Ironshore claimed that while the arbitral award had established UDP's contractual entitlement to recover against the Seller, UDP had not suffered a 'Loss' under the Policy. It argued that under the Policy the quantum of the Recovered Amounts must be ascertained before Loss under the Policy could be determined.  Indemnity could not occur until all Recovered Amounts had been finalised. Ironshore denied it had breached its duty of utmost good faith as it was reasonable to seek a stay given the significant overlap between the claims made in the arbitration and under the Policy.

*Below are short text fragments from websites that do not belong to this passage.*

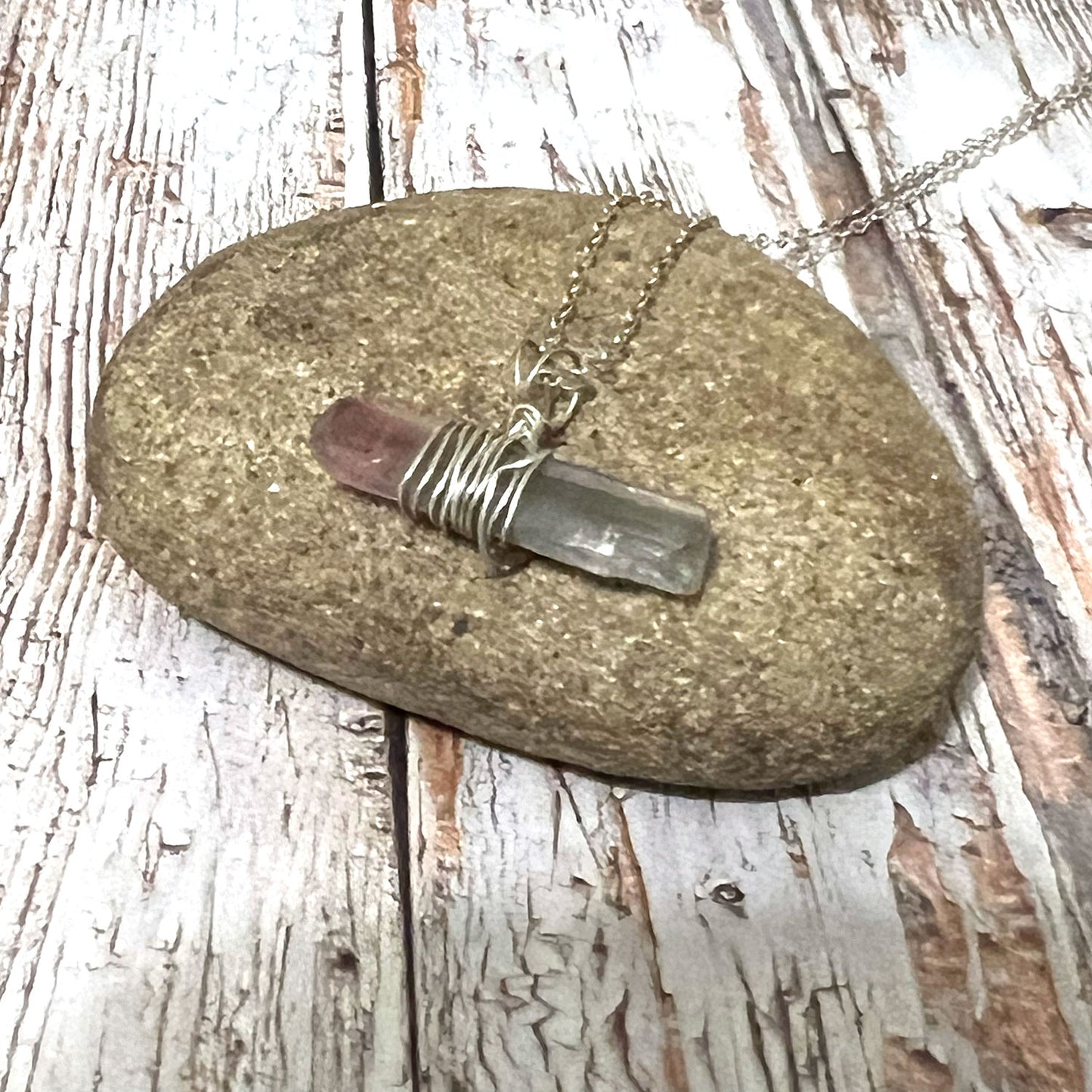 STERLING SILVER QUARTZ POINT NECKLACES - SYNCH ME TALISMAN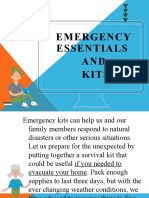 Emergency Essentials AND Kits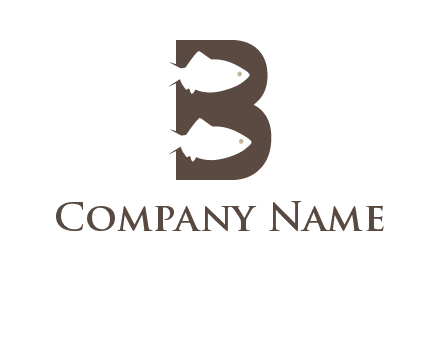 fish inside letter B logo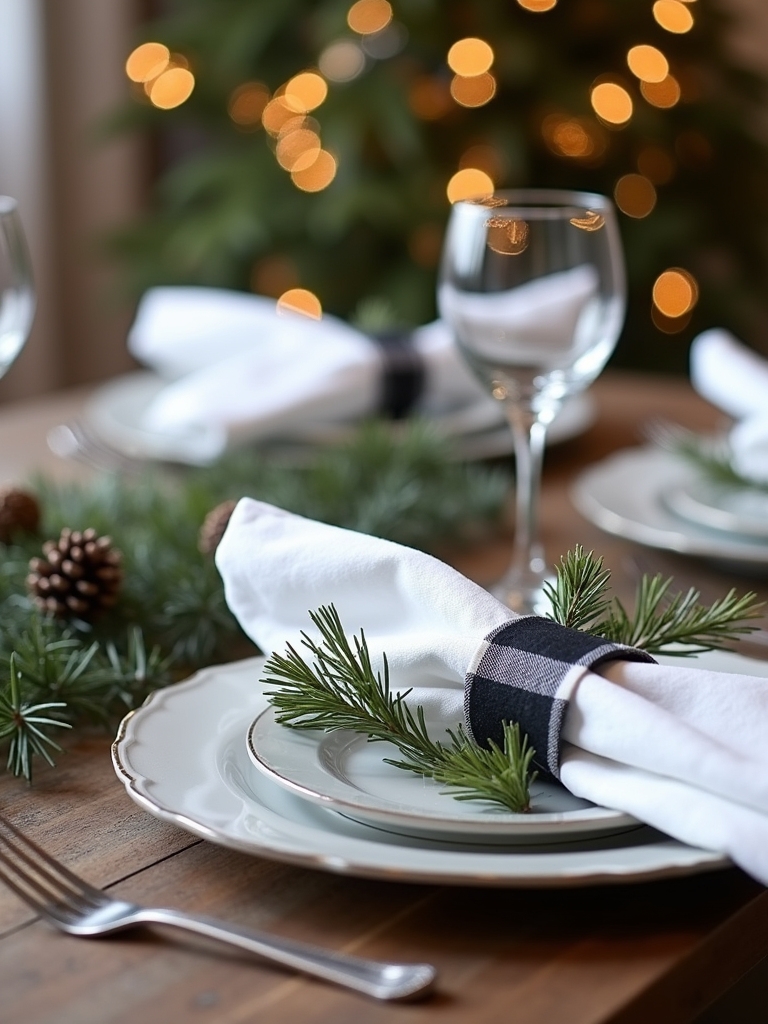 plaid napkin rings diy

How to Calculate Loss under the Policy?

Justice Garde accepted that UDP had suffered Loss as a result of Esposito's breach of warranties. He determined that Loss suffered was the difference between the price paid by UDP, less the real or fair value, plus the amount of the acquired liabilities. After hearing substantial expert evidence, he accepted that UDP's contractual entitlement was $30.85 million.

The central policy construction issue for the Court to determine was whether clause 4.1 of the Policy required the quantum of the 'Recovered Amounts' to be ascertained before indemnity could be confirmed. The judge applied a businesslike interpretation to the Policy having regards to the commercial purpose and the circumstances of the transaction. On this basis, he considered that Ironshore's submission was "uncertain, uncommercial and unworkable". Waiting for recovery proceedings to be finalised would leave Insureds financially exposed as recovery could take years.  The Insured's would also be at the whim of the underwriters to be satisfied as to when they considered all Recovered Amounts had been received. On the other hand, the Policy adequately protected the underwriters from the possibility of double recovery by requiring that in the event of successful recovery after the claim had been paid the insured was required to account for any surplus and reimburse the insurer.  Justice Garde accepted that the Recovered Amount did not need to be determined for Loss to be established and determined that UDP was entitled to the full limit of indemnity of $25 million plus interest of $5,375,855.55.

Was the Cost of the Arbitration Recoverable?

The judge was not satisfied that UDP had shown that the underwriters acted in breach of utmost good faith. UDP failed to demonstrate any impropriety, lack of competence or passivity in Ironshore's claims handling. All they had done was to seek a stay application of the coverage dispute, which was upheld by the Court.  The judge accepted that an implied term of good faith does not extend to the conduct of litigation, where the parties conduct is instead to be governed by the Court and the rules of procedure.


The demand for W&I insurance is growing throughout the Asia Pacific region.  W&I claims can be factually complex and can require insurers to take a strategic approach when managing such claims including, as in this case, how overlapping disputes between buyers, sellers and insurers, may affect their response to a claim. The case is a reminder of the court's willingness to apply a businesslike interpretation to policies having regards to the commercial purpose and circumstance of the transaction, and that W&I insurance is generally intended to be the primary source of compensation for a breach of warranty, rather than compensation of last resort.